* _EXERCISE BRIEF_
Your answer should be the lines below from the one holding "Elegant bow camellia" through the one holding "Jungle Tropical Palm", copied exactly and with nothing else.

* _RECORDS TO USE_
....

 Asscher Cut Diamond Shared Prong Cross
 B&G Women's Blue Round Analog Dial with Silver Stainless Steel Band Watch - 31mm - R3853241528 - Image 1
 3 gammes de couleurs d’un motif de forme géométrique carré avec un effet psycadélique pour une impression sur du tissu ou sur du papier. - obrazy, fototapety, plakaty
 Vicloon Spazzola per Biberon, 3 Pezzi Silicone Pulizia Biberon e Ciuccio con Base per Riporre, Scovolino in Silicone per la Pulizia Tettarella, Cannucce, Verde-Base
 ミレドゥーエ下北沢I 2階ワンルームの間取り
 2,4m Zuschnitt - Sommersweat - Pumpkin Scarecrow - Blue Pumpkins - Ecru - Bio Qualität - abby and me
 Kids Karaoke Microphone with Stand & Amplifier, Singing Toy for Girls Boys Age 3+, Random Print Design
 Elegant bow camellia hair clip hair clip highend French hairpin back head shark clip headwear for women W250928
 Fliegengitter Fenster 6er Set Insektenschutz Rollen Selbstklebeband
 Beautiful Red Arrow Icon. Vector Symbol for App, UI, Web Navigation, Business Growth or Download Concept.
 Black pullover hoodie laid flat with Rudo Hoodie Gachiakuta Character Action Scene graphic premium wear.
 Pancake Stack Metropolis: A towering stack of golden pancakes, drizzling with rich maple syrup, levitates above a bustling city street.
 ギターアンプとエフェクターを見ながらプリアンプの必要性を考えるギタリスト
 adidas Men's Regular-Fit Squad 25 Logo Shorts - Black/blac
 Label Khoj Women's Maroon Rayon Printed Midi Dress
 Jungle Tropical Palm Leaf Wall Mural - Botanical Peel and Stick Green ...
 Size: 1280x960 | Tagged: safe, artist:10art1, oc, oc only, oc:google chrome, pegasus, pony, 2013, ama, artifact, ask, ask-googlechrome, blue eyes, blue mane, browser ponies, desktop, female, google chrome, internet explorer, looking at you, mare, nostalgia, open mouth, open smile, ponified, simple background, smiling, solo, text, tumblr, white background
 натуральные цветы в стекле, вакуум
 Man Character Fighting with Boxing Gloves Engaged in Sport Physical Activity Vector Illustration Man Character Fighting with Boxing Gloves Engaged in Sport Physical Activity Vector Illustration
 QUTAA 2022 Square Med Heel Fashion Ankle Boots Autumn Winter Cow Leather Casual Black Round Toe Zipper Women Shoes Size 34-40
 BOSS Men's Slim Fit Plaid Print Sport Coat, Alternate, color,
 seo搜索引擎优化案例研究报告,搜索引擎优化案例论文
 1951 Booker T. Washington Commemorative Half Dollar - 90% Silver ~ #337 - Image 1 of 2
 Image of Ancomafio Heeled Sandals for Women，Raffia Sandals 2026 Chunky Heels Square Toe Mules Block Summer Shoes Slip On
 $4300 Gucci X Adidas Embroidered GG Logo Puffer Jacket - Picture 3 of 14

....

* _YOUR RESPONSE_
 Elegant bow camellia hair clip hair clip highend French hairpin back head shark clip headwear for women W250928
 Fliegengitter Fenster 6er Set Insektenschutz Rollen Selbstklebeband
 Beautiful Red Arrow Icon. Vector Symbol for App, UI, Web Navigation, Business Growth or Download Concept.
 Black pullover hoodie laid flat with Rudo Hoodie Gachiakuta Character Action Scene graphic premium wear.
 Pancake Stack Metropolis: A towering stack of golden pancakes, drizzling with rich maple syrup, levitates above a bustling city street.
 ギターアンプとエフェクターを見ながらプリアンプの必要性を考えるギタリスト
 adidas Men's Regular-Fit Squad 25 Logo Shorts - Black/blac
 Label Khoj Women's Maroon Rayon Printed Midi Dress
 Jungle Tropical Palm Leaf Wall Mural - Botanical Peel and Stick Green ...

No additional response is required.